⟨
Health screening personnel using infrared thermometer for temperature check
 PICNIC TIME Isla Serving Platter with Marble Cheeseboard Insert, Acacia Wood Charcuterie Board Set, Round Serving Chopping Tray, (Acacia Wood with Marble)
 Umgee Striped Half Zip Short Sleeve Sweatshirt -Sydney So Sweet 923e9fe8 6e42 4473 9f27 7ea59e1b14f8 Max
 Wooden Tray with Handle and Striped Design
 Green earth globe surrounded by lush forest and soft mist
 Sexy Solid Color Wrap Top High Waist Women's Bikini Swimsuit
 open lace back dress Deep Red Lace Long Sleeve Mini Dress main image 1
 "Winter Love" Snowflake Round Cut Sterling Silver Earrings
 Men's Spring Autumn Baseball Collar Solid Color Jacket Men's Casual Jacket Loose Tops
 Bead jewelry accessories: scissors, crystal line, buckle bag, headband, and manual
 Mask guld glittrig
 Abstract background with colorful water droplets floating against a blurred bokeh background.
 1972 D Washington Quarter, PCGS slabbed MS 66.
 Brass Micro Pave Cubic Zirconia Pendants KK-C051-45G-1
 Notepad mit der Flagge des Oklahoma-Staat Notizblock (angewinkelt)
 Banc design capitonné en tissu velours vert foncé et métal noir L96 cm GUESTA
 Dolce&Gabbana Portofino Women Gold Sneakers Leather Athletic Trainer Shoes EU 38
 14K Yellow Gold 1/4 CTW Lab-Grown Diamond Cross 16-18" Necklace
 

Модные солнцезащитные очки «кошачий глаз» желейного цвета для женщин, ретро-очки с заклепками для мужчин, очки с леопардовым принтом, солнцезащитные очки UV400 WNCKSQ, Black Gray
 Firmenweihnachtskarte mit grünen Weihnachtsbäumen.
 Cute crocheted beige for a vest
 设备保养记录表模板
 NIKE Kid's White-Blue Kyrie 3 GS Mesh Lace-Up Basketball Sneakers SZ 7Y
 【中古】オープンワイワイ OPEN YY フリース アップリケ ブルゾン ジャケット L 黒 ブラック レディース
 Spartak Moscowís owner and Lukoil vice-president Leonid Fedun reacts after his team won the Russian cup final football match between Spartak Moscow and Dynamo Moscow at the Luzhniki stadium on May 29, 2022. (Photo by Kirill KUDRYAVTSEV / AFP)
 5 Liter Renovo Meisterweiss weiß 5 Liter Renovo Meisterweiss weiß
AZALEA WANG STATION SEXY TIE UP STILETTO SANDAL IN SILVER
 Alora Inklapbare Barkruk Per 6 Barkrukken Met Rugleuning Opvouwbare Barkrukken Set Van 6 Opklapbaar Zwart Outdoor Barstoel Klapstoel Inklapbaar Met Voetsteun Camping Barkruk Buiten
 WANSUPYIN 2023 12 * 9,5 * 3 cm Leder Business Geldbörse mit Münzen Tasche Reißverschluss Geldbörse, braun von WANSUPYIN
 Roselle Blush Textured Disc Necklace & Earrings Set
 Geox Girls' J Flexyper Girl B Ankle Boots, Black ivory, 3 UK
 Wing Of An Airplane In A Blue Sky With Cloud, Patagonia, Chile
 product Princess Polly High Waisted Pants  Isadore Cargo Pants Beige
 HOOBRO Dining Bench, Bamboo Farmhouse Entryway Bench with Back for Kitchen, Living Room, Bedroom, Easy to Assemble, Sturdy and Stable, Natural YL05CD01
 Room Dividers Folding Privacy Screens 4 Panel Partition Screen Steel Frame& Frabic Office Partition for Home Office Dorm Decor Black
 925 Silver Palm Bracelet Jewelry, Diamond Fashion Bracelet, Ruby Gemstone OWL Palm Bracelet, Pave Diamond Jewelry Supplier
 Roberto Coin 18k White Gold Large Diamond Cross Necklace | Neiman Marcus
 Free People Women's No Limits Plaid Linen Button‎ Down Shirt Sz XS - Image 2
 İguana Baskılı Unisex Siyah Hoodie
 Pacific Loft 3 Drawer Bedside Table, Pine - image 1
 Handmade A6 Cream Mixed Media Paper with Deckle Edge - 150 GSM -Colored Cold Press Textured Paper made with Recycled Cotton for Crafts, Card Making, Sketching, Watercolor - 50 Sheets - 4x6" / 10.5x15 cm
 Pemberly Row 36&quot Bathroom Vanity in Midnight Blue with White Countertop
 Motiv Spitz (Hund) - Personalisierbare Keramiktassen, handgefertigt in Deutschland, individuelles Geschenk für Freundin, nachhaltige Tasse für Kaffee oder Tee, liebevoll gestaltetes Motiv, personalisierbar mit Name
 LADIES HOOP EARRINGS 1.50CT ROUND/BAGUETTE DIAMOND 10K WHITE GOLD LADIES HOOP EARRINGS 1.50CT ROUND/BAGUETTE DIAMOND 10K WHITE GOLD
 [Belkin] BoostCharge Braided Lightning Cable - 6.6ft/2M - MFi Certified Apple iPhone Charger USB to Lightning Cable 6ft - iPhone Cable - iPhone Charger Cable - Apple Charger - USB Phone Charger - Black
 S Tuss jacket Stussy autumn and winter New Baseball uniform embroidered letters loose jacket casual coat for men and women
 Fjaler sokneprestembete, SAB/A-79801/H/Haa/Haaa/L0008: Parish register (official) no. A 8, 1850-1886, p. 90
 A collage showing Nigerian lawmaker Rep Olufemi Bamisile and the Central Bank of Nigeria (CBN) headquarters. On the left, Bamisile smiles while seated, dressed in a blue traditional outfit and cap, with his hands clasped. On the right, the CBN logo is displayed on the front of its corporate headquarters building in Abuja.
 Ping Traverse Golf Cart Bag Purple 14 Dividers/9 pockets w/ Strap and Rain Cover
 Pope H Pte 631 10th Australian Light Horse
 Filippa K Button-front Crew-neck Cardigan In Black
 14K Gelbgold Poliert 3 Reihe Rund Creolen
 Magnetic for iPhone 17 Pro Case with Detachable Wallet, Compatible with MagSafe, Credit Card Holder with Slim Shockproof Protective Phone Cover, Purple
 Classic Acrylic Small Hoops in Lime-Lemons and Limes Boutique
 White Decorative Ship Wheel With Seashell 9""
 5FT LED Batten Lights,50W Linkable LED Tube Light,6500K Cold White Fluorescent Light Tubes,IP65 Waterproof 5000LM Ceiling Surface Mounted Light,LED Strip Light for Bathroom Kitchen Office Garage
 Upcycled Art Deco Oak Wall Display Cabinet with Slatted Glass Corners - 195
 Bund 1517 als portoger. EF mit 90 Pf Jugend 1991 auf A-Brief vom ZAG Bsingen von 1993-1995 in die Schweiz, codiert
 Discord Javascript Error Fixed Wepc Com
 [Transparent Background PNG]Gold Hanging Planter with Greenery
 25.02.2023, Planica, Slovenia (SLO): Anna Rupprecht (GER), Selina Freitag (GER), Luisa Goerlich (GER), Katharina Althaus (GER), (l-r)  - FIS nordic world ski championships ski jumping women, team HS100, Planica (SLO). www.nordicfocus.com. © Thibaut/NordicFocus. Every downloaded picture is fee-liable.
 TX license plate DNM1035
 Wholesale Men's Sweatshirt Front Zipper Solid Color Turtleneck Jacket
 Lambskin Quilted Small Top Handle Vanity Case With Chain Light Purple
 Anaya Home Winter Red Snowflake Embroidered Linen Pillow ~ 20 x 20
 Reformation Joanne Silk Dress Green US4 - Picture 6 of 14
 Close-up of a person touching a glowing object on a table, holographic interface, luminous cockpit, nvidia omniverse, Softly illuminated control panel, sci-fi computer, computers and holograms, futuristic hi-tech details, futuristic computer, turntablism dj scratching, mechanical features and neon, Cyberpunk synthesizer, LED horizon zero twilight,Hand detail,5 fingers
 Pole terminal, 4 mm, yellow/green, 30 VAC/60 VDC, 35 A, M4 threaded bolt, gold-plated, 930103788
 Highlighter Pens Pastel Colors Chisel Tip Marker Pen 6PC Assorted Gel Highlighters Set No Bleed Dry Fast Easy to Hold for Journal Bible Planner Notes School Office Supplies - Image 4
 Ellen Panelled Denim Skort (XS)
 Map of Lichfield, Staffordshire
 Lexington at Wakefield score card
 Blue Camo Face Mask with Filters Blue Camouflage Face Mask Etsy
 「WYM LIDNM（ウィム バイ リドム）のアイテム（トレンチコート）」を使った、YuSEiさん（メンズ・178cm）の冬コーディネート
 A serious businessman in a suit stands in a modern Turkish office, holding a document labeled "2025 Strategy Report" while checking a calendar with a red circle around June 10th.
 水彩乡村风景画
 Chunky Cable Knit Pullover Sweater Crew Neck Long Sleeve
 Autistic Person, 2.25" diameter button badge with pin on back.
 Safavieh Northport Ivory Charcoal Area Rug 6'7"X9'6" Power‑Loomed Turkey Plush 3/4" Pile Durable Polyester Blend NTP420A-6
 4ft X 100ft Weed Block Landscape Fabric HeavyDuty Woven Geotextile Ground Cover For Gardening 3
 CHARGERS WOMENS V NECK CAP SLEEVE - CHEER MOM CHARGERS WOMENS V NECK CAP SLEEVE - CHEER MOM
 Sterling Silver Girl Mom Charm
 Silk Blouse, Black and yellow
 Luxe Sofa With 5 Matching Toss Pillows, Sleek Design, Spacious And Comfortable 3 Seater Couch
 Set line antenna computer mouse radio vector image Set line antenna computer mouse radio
⟩
▸ **WHAT IS EXPECTED**
Beginning at the line with "Blue Camo Face" and ending at the line with "LIDNM（ウィム バイ リドム）のアイテム（トレンチコート）」を使った、YuSEiさん（メンズ・178cm）の冬コーディネート", reproduce each line of the data above exactly, and add no other lines.

▸ **EXERCISE ANSWER**
 Blue Camo Face Mask with Filters Blue Camouflage Face Mask Etsy
 「WYM LIDNM（ウィム バイ リドム）のアイテム（トレンチコート）」を使った、YuSEiさん（メンズ・178cm）の冬コーディネート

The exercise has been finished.